The brand employed Psy of Gangnam Style fame (the real one this time) to star in the brand’s first-ever Super Bowl spot which was announced via a flash mob in New Orleans.

"The Super Bowl is the most widely watched sporting event of the year, 'Gangnam Style' is the most-watched YouTube video, and Wonderful Pistachios is the top-selling snack nut item on the market," said Marc Seguin, Paramount Farms vice president of marketing. "It's a powerhouse combination."  

Taking a slightly different approach was Thankyou, the social enterprise behind Thankyou Water. The brand engaged in a host of experiential activities via a multi-layered marketing campaign with the aim of attracting attention from the supermarket giants, Coles and Woolworths.

The campaign gained a momentous amount of exposure via social media and included flying two helicopters over Coles’ Melbourne headquarters in Hawthorn, and Woolworths’ Sydney headquarters in Bella Vista. Each helicopter carried a 10,000 square foot banner with messages asking the retailers to “change the world” by stocking their products.

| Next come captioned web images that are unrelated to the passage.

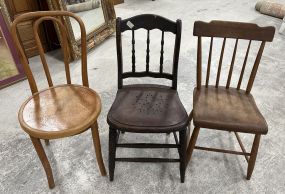 Three Assorted Antique Chairs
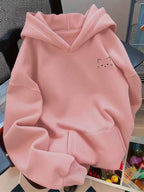 Moletom Estampa Gato Minimalista Com Capuz Oversized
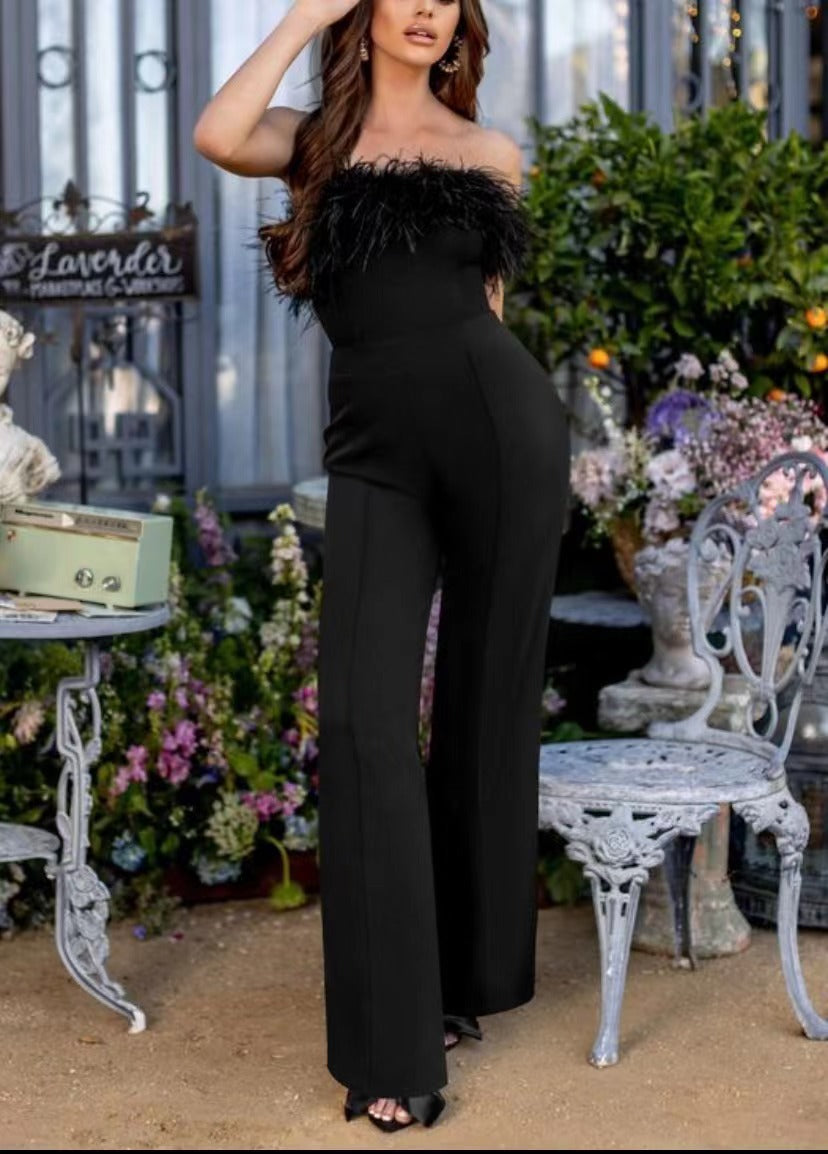 Feather Trim Jumpsuit | Strapless, V Plunge | Casual Trousers | noémi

The two week campaign included a mix of traditional advertising, celebrity endorsements and of course an extensive social media presence which included creative videos and thousands of posts by Thankyou fans on both the Coles and Woolworths’ Facebook pages.

The campaign is estimated to have reached over 13 million people.

“It’s been amazing to see thousands of Australians post on both Coles and Woolworths’ Facebook pages in support of the Thankyou range. We’ve been blown away by the level of support,” said Daniel Flynn, co-founder and managing director of Thankyou.“We set a goal to reach 10,000 views of the campaign video by the end of the campaign and we hit that number within the first day.”

Although money helps, of course, and is often a key driver, a brand doesn’t necessarily need a hefty advertising budget to run a successful marketing campaign. Social networking tools are among the most powerful media vehicles, with the potential to connect brands with countless consumers from around the globe. All you need is a good concept and a bit of creativity.